Il est tout beau le jeune cafetier. Un écusson placardé sur sa poitrine le désignait sous une dénomination de Marc. Européen par son teint, il offrait son infime sourire en compagnie de toute commande. Mettant à profit le vide d’un temps, je l’engageais progressivement et directement sur le cours de la politique liée à l’histoire des deux pays. Il n’apportait pas de divergence dans les dates. Ni le 5, ni le 14 juillet n’ont eu chez lui une consistance originale. Si le 5 est insignifiant, le 14 n’est qu’une fête. « Je ne travaille pas ». Pourtant Marc jouit d’un niveau universitaire substantiel.
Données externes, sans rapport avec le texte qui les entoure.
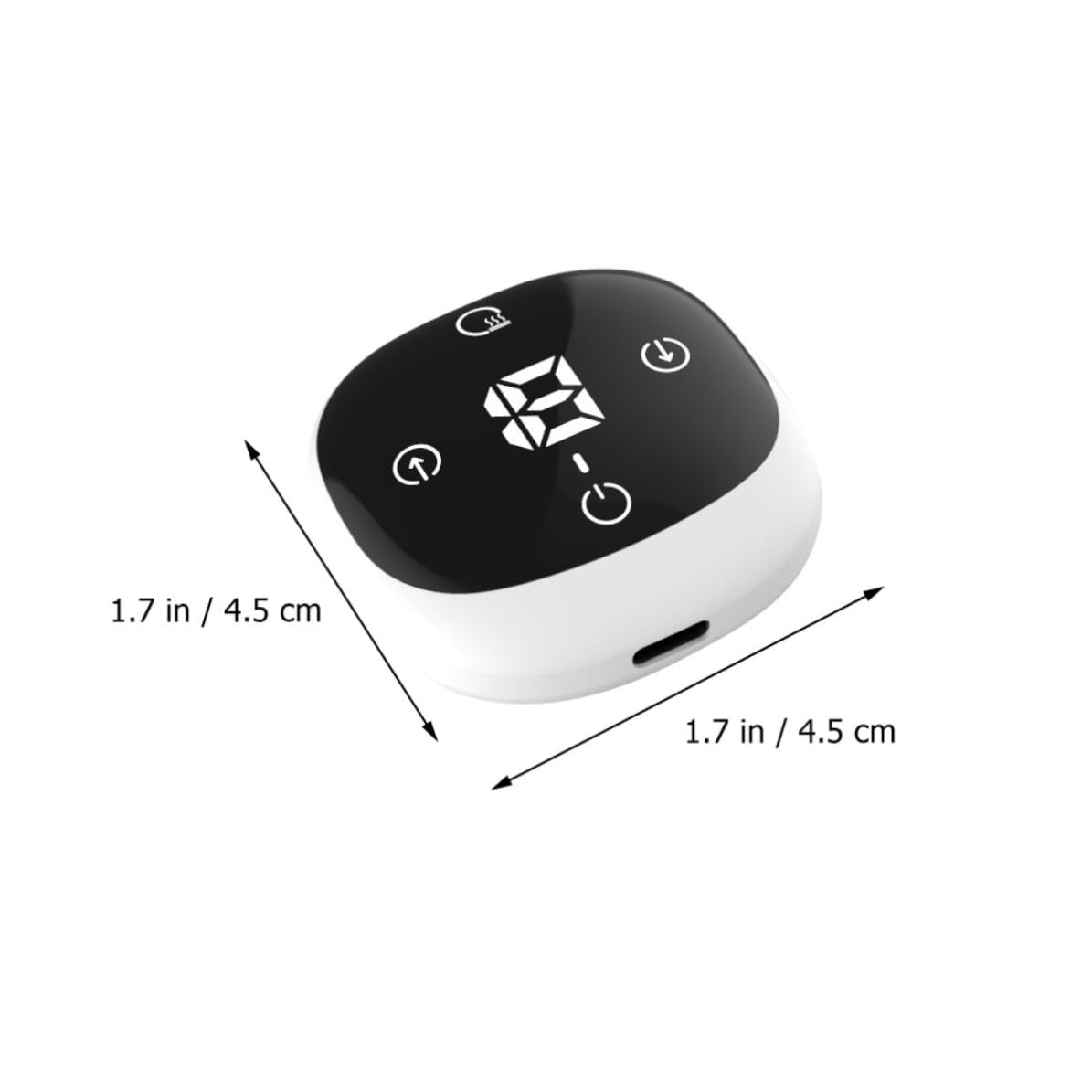 Masajeador de Cuello y Hombros Mini Calor USB Táctil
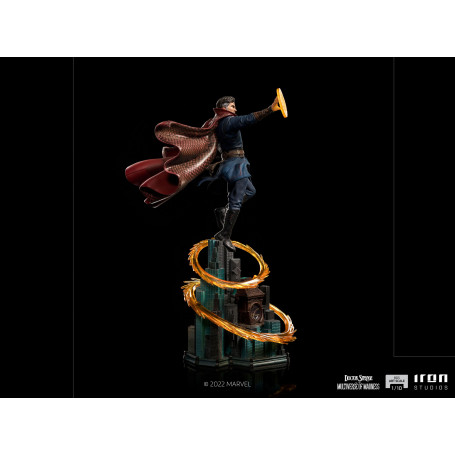 Iron Studios Marvel - Doctor Strange en el Multiverso de la Locura - Estatuilla a escala artística 1/10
Il est encore étudiant dans une école supérieure de techniques informatiques. Il loue la moitié de sa vacuité scolaire pour se faire un pactole afin d’en prendre l’autre moitié en de vraies vacances estivales. La révolution française, comme cours d’histoire appris un jour est un peu vive mais vague dans son esprit. La prise de la bastille est un lointain épisode, il craint de me dire qu’il ne s’en rappelle même pas. « Ah oui ! C’est lorsqu’on a renversé la royauté, on a formaté tout le système » voilà un langage informatique qui exprime une opinion politique. La révolution a été donc un prompt clic qui écrase un royaume pour installer à jamais une république. Pour Marc le 14 juillet s’est toujours limité à une ambiance de jeunes dans tous les quartiers peu importe qui « l’a crée » ai-je entendu me dire. On s’amuse, on danse et c’est gratuit.
Le 5 juillet demeurera plus qu’un 14 juillet. La fête y est certes dans l’officiel, dans le solennel, mais elle persiste à durer dans le mutisme populaire lorsqu’il s’agit du pays. Le 14 juillet est une affaire d’élus politiques, d’artifices et de gala. Le 5 a aussi cette tendance à l’être. Sauf qu’il est une affaire d’Etat et non de masse. D’administration et non d’Assemblées populaires et associatives. Heureusement dirait l’autre. Habituant ainsi les mœurs populaires à se faire exproprier par la machine administrative, les fêtes nationales contrairement aux religieuses se sont toutes confinées dans des prérogatives publiques. A l’exemple de Ramadhan où l’Etat ne devient qu’un pourvoyeur et un régulateur de l’œsophage national. Bon Aid.